If both AI and quantum computing are impressive on their own, why not combine them to make AI even better?

Quantum computing offers a different approach compared to classical computing. Traditional computing, which dates back to the 1940s, uses bits (0s and 1s) to process information on devices like phones, laptops, and servers. Quantum computers, however, rely on qubits, which are much more powerful. Each qubit can hold two pieces of data, and every time you add a qubit, the amount of information it can process doubles. For example, with two qubits, you can process 4 pieces of data, with three qubits, you can process 8, and so on. This exponential growth is exciting.

This has led some to claim that quantum computers will soon be able to process far more data for AI applications than classical systems can. However, there’s a catch—how do you get all that data into the qubits? Several methods exist, but they’re still quite slow. So, be cautious when you hear about “Quantum for AI” innovations, especially if they’re described as “small scale” or “prototype.” The reality is, most of the progress so far addresses smaller problems, and quantum computers aren’t yet powerful enough for commercial use.

Without error correction, qubits are extremely fragile. They only work for a very short time before they lose their data. If loading AI data takes too long, there may not be enough time left to actually process it. This makes it clear that classical AI is likely to remain more practical for many use cases in the near term.

That said, machine learning involves finding patterns in data, and quantum computing’s model could potentially help us discover new patterns or speed up the process.
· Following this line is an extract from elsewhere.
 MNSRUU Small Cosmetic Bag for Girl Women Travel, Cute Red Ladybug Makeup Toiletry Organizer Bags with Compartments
At this stage, it’s more about potential than actual performance. Vendors will often demonstrate “Quantum for AI” on their hardware, but I’d prefer to see a demonstration involving quantum chemistry, as that’s likely to be the first successful real-world use case for quantum computing.

AI for Quantum

I find this aspect far more intriguing at the moment. Can we use AI to help improve quantum computers?
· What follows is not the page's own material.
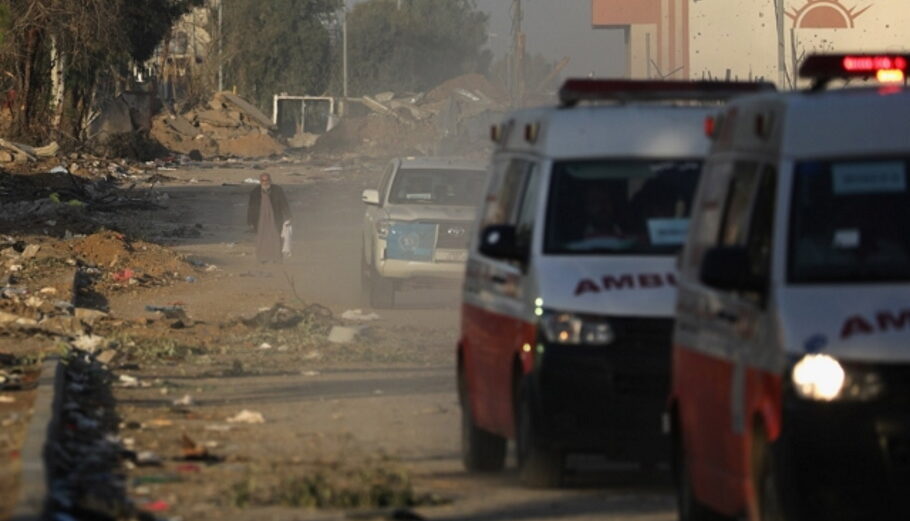Ασθενοφόρα στη Γάζα © EPA/MOHAMMED SABER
Quantum computers rely on qubits as their basic units of information. But how many qubits do we actually need? Some experts claim that dozens to a few thousand qubits will be enough, but I believe we’ll need around 100,000 physical qubits for quantum computers to be fully functional. These qubits can be either manufactured (like superconducting or silicon spin qubits) or natural (such as trapped ions, neutral atoms, or photons).

The reason we’re so interested in quantum computing is that nature itself works using quantum mechanics. Atoms, electrons, photons, and molecules all operate within this framework, so it makes sense to emulate nature’s methods to solve tough problems. However, there’s a big challenge: while nature’s quantum systems work, they don’t always cooperate with our calculations. Noise from the environment interferes with qubits, causing errors in their operations. Think of it like a calculator that miscalculates due to electrical static, or a phone call with audio interference.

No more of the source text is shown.